It is still dawn as Zheng Guijun gets into his taxi and picks up his first customer. When he goes home at 9 PM, his 10-year-old son is already asleep.
Working an average of 14 hours a day, Zheng, a Beijing taxi driver of six years, still barely makes ends meet. Worse, the recent 6 per cent rise in petrol prices hit his business so badly that he is considering quitting his job.
"It adds about 10 yuan (US$1.2) per day, 300 yuan (US$37) per month to the petrol cost," said Zheng, 35, who drives a 1.4-litre Citroen Fukang.
His taxi runs 260 to 300 kilometres, spending about 25 litres of petrol a day. It means monthly petrol costs of 3,000 yuan (US$369).
"And I earn a profit of only 2,000 yuan (US$250) a month," Zheng said with a deep sigh. "It is just too much for me."
That doesn't count repair bills to his well-worn cab. Last time, it cost him 700 yuan (US$86) to fix the broken clutch.
The soaring petrol cost has added to Zheng's daily financial burden -- a monthly fee to his cab company.
Zheng pays 4,400 yuan (US$543) to the Beijing City Limo Yinjian Auto Service Co Ltd, one of the largest taxi companies in the capital.

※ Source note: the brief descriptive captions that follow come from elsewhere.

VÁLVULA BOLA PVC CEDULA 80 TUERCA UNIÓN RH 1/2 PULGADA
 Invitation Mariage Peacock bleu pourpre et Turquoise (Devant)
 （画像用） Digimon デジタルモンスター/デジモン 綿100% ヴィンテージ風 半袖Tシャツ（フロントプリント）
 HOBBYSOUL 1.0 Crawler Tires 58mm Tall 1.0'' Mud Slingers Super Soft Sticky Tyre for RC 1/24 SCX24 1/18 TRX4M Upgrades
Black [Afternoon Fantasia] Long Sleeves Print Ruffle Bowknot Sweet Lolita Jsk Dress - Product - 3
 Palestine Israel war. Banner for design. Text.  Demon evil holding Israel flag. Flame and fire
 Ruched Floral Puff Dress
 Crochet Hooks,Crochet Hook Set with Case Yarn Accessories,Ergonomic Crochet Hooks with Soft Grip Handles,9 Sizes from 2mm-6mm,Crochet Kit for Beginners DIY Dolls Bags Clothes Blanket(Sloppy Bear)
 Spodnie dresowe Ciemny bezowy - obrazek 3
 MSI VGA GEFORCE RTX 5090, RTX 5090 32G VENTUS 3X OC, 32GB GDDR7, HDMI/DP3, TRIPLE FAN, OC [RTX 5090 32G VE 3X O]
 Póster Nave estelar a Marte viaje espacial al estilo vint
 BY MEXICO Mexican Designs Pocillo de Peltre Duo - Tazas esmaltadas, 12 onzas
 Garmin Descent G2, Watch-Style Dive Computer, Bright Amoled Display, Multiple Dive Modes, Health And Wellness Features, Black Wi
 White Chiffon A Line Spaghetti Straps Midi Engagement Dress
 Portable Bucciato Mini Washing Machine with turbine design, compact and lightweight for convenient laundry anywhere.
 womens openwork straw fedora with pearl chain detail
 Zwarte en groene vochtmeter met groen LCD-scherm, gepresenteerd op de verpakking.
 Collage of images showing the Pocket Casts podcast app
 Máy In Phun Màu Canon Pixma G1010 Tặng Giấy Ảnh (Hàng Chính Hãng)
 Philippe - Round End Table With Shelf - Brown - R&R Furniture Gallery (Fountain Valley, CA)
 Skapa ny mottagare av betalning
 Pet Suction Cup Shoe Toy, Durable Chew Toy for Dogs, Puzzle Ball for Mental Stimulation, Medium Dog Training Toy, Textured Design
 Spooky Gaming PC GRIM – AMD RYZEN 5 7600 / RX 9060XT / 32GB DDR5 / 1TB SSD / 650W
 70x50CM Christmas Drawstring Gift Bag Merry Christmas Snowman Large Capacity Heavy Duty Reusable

For the former farmer of Miyun County of Beijing, the rental fee is an everyday nightmare, waking him up in the morning by saying: "You are bearing a debt of 150 yuan (US$19) today."
In Beijing, where almost every street has traffic during the rush hours, Zheng takes about 20 passengers a day.
But he said his business is shrinking partly because of the condition of the car.
"The new taxis, the Elantras, have higher occupancy rates than we have. And the old Xiali has lower costs. We are stuck in the middle and left with little business."
Zheng's two-year contract ends next month.